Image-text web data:
%%
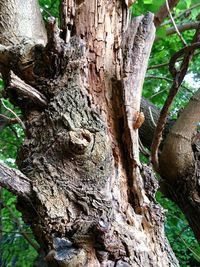 Close-up of tree trunk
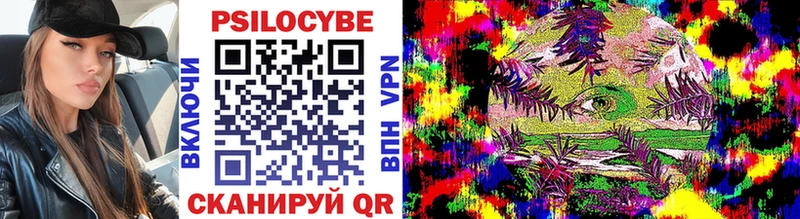 Псилоцибиновые грибы прущие грибы  дарнет шоп  Тогучин 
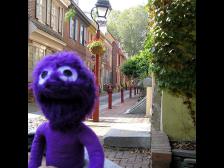 Knut in der Elfreths Street in Philadelphia!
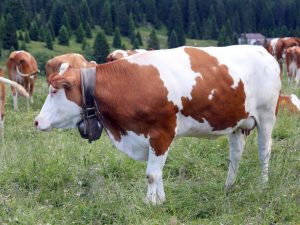 Болезни суставов у коров и телят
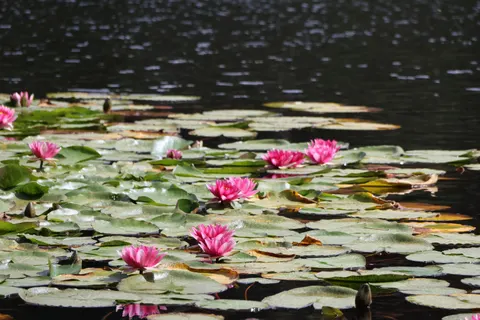 Fond d'écran Nénuphar 4K · flowers · 3840×2560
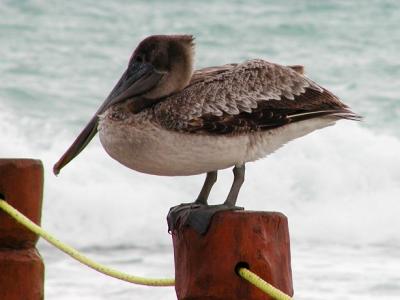 Pelican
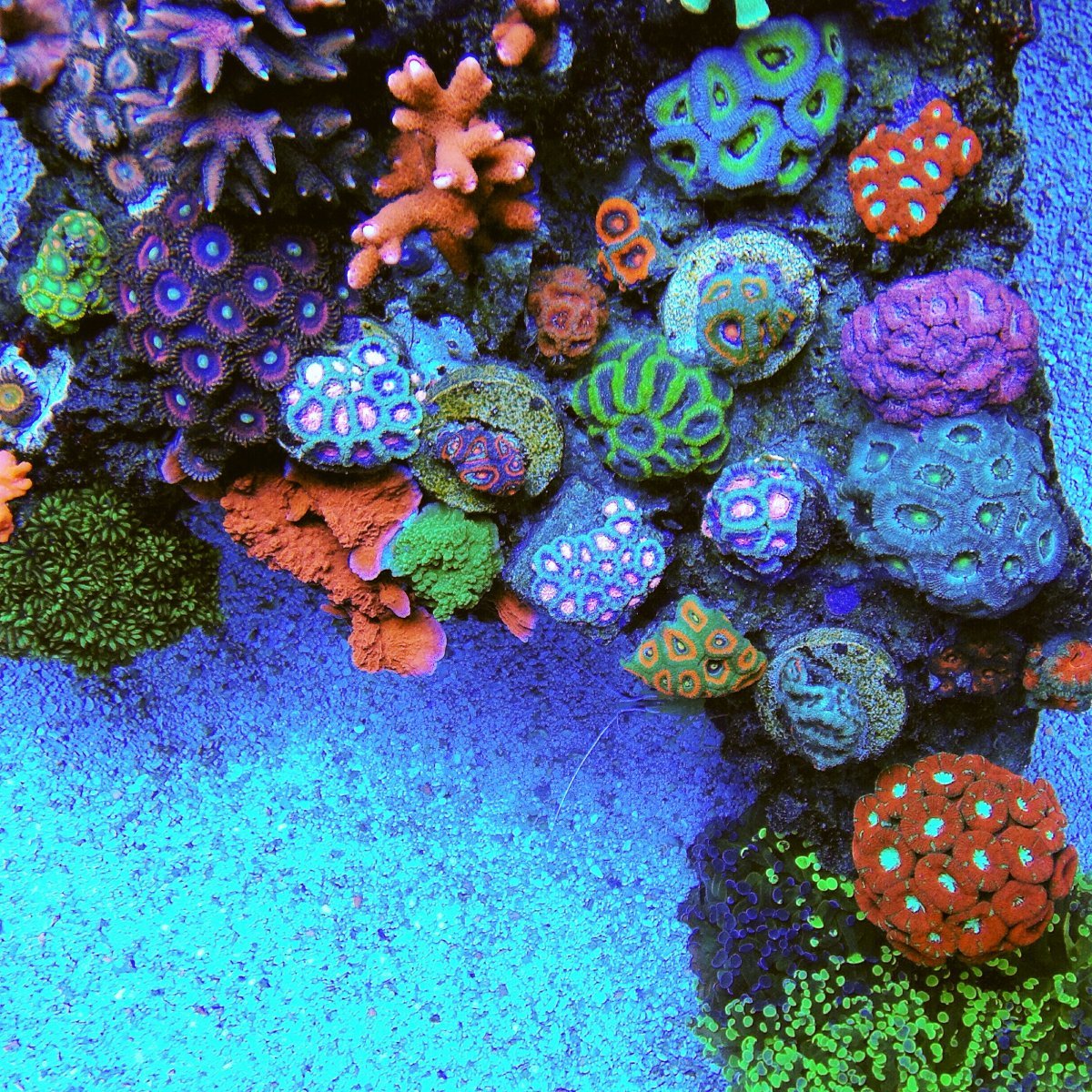 Твёрдые кораллы в аквариуме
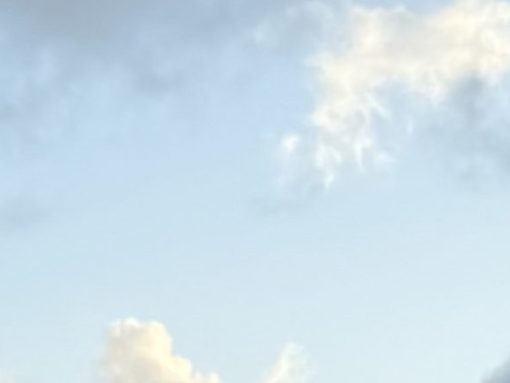 IMG_2702 Woman standing on a deck overlooking a pool and the ocean with her head thrown back and a big laugh/smile on her face, She is wearing a short black and white dress.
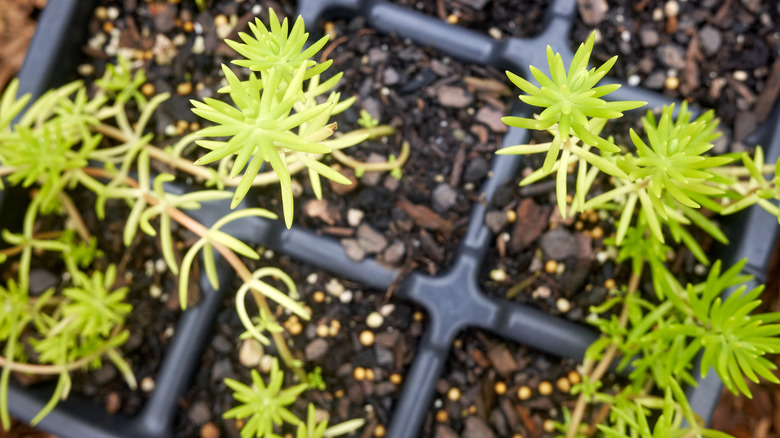 angelina stonecrop plant starts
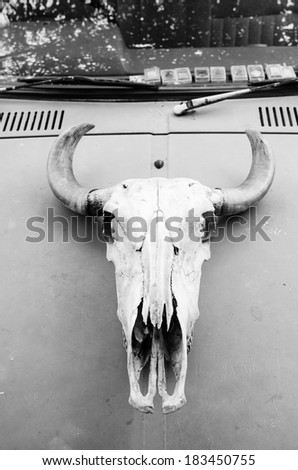 Black and white cow skull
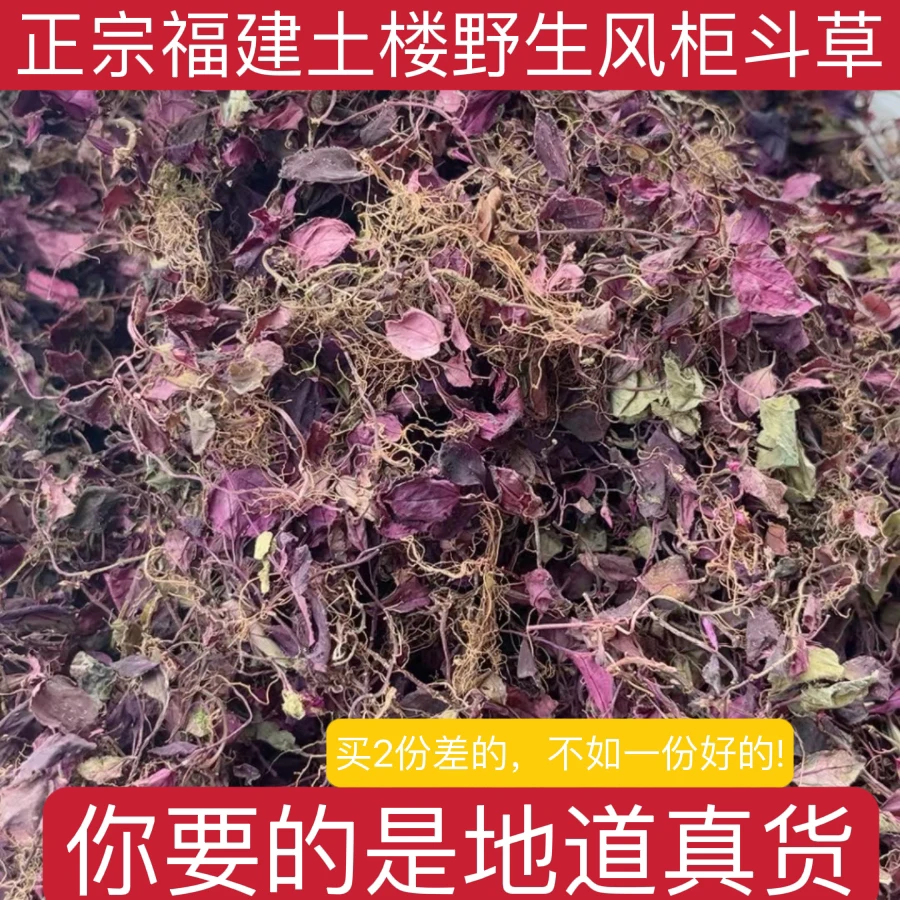 福建南靖土楼野生风柜斗草干品 风鼓草 楮头红原生态50/250克净重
%%
### [Task item]
Take the entries above and set them down exactly, minus the pictures.

### [Solved problem]
 Close-up of tree trunk
 Псилоцибиновые грибы прущие грибы  дарнет шоп  Тогучин 
 Knut in der Elfreths Street in Philadelphia!
 Болезни суставов у коров и телят
 Fond d'écran Nénuphar 4K · flowers · 3840×2560
 Pelican
 Твёрдые кораллы в аквариуме
 IMG_2702 Woman standing on a deck overlooking a pool and the ocean with her head thrown back and a big laugh/smile on her face, She is wearing a short black and white dress.
 angelina stonecrop plant starts
 Black and white cow skull
 福建南靖土楼野生风柜斗草干品 风鼓草 楮头红原生态50/250克净重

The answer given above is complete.